The secret to teetotalling kids may have been discovered by a teen with a taste for the straight life.
Chelsea Lynn Jurman, a seventeen-year-old from New York, is one of forty finalists in the new incarnation of the Westinghouse Science competition, with her social science study of what influence talk of parents' wild party days has on their teen's drinking habits.
The news, Jurman found, is not good. If you talk about teenage indiscretions in front of your kids, her survey of one hundred twenty-three teens shows they're more likely to believe that it's acceptable to do so themselves. If the kids didn't hear much about their parents drinking as kids, they were more likely to just say no.
I'm divided on how I feel about this study. I've always felt there's a delicate balance between lying to our kids and revealing too much. It's my problem with kids and parents meeting on Facebook - not everyone in the family needs to know EVERYTHING about each other. Telling kids about your youthful indiscretions, then instructing them not to copy you, is literally the "do as I say, not as I do" model of parenting - which works, um, never.

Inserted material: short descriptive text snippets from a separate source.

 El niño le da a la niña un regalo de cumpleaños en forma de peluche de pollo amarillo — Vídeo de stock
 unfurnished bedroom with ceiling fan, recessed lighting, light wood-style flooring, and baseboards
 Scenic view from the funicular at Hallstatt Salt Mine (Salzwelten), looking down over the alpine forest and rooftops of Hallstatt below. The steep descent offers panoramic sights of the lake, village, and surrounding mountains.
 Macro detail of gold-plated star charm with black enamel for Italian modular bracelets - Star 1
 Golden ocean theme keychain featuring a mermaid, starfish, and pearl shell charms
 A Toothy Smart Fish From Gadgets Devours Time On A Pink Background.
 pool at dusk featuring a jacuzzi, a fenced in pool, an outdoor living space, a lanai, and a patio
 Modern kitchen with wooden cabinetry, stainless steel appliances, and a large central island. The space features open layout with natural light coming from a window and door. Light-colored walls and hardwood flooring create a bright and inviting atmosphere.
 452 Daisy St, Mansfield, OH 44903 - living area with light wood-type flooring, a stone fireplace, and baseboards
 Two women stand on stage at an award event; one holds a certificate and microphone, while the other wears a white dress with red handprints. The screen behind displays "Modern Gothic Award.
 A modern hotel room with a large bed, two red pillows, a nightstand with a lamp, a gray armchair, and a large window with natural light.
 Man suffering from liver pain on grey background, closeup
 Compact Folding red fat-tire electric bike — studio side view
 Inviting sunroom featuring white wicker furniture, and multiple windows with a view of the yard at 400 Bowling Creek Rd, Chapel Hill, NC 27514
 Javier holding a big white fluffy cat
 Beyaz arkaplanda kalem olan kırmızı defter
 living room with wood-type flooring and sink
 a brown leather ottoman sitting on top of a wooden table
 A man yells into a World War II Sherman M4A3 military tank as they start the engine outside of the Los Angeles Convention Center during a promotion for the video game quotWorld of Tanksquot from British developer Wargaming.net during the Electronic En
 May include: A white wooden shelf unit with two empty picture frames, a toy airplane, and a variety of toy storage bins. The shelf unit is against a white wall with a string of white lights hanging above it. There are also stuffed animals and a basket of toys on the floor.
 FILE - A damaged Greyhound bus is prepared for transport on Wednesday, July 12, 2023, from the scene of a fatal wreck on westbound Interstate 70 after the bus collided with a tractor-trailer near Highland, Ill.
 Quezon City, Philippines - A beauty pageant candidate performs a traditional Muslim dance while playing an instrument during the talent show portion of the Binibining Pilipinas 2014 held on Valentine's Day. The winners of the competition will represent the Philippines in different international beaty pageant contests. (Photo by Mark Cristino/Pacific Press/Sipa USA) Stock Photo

On the other hand, if my now three-year-old daughter one days asks if I had any alcohol as a child, I don't think I can lie to her. "No, Mommy waited until she was twenty-one and in perfect accordance with all laws" is A. a lie B. not realistic and C. likely to make a teenager roll her eyes and walk away. I'll lose that "teachable moment" we're always searching for. I'd like to think I'll divulge the bits that are most important for a growing teen - "Yes, I drank, but I never drove with any alcohol in my system," or "Yes, but I never drank at a party where I didn't know everyone, and trust everyone."
My colleague Shannon discussed the interesting theory that some parents think they need to drink FOR the kids, but this isn't a matter of how you model drinking behaviors today (which I do think is an important part of developing appropriate attitudes toward alcohol). Parents have to decide how much of their past they can edit. Is there anything you'll be holding back?